## TASK REQUIREMENTS
Return, word for word, only the lines from the one containing "Wohnmobilplatz" through the last line of the entries.

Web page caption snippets
━━━━━━━━
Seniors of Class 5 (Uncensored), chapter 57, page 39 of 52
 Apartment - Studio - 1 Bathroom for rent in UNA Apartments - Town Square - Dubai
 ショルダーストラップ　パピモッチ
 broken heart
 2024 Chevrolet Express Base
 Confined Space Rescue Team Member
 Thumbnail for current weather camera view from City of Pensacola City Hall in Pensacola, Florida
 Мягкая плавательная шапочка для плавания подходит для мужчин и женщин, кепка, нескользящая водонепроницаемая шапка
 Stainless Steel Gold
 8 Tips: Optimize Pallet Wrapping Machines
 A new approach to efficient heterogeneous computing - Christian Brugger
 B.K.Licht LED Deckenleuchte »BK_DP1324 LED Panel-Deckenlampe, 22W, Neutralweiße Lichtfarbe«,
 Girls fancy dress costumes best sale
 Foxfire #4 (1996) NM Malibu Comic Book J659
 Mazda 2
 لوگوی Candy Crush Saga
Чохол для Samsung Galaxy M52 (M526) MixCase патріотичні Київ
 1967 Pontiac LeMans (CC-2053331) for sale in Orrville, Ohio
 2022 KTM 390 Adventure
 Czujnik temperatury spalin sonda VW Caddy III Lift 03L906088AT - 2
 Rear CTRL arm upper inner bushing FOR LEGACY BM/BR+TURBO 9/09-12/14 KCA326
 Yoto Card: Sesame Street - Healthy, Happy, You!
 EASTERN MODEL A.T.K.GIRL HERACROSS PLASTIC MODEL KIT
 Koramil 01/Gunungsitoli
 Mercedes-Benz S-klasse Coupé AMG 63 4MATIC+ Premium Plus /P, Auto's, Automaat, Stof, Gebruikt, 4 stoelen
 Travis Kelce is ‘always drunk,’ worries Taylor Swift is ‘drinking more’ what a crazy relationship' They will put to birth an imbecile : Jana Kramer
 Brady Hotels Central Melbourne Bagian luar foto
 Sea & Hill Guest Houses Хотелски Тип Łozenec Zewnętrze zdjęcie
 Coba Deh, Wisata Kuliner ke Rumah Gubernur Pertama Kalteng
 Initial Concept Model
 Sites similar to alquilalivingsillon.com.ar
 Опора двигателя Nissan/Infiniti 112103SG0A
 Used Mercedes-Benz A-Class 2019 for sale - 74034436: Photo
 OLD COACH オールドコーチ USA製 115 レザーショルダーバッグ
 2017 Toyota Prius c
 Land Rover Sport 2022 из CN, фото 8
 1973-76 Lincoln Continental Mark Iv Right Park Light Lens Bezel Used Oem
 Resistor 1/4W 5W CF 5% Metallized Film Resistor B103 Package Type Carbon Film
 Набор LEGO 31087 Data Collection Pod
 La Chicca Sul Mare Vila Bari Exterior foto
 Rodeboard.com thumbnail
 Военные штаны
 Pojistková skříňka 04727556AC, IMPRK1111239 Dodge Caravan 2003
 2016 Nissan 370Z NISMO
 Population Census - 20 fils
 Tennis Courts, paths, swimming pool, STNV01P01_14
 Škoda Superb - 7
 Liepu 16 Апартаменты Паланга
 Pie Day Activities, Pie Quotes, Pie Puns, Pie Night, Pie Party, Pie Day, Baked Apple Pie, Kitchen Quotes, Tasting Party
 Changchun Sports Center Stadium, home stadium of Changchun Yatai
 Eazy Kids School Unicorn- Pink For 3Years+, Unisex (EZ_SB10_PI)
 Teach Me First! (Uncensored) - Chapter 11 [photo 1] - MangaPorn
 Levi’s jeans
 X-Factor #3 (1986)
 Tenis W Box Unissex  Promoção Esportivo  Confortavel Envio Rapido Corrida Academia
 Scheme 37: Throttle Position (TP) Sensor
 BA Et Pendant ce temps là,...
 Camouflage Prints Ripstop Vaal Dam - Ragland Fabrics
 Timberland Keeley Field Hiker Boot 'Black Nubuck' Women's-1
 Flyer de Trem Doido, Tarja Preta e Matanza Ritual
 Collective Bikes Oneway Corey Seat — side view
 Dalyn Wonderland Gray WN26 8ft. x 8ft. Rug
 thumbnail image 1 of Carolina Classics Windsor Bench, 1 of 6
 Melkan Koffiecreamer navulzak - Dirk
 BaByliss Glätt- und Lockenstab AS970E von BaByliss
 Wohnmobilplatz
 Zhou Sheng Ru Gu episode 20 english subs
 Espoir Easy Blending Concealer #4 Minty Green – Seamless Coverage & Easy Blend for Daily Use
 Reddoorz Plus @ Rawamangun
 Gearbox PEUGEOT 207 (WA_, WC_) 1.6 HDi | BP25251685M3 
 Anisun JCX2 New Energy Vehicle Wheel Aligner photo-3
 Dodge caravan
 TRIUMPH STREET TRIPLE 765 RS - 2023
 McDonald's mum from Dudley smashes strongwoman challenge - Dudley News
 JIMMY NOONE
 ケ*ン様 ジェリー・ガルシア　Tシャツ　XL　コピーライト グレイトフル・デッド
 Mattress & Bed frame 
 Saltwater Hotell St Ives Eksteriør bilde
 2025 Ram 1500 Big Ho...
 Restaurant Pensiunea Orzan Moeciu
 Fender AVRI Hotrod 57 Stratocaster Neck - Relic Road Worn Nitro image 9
━━━━━━━━
## SOLUTION TO THE PROBLEM
 Wohnmobilplatz
 Zhou Sheng Ru Gu episode 20 english subs
 Espoir Easy Blending Concealer #4 Minty Green – Seamless Coverage & Easy Blend for Daily Use
 Reddoorz Plus @ Rawamangun
 Gearbox PEUGEOT 207 (WA_, WC_) 1.6 HDi | BP25251685M3 
 Anisun JCX2 New Energy Vehicle Wheel Aligner photo-3
 Dodge caravan
 TRIUMPH STREET TRIPLE 765 RS - 2023
 McDonald's mum from Dudley smashes strongwoman challenge - Dudley News
 JIMMY NOONE
 ケ*ン様 ジェリー・ガルシア　Tシャツ　XL　コピーライト グレイトフル・デッド
 Mattress & Bed frame 
 Saltwater Hotell St Ives Eksteriør bilde
 2025 Ram 1500 Big Ho...
 Restaurant Pensiunea Orzan Moeciu
 Fender AVRI Hotrod 57 Stratocaster Neck - Relic Road Worn Nitro image 9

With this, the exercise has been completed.